__REQUIREMENT__. Would you copy out the whole listing exactly as given?

__GIVEN INFORMATION__.
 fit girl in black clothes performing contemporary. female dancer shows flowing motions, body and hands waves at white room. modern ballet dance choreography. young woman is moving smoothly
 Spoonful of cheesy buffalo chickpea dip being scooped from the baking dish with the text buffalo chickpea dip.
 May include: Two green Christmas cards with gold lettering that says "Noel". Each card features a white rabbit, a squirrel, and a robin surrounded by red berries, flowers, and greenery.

__RESULT OF THIS EXERCISE__.
 fit girl in black clothes performing contemporary. female dancer shows flowing motions, body and hands waves at white room. modern ballet dance choreography. young woman is moving smoothly
 Spoonful of cheesy buffalo chickpea dip being scooped from the baking dish with the text buffalo chickpea dip.
 May include: Two green Christmas cards with gold lettering that says "Noel". Each card features a white rabbit, a squirrel, and a robin surrounded by red berries, flowers, and greenery.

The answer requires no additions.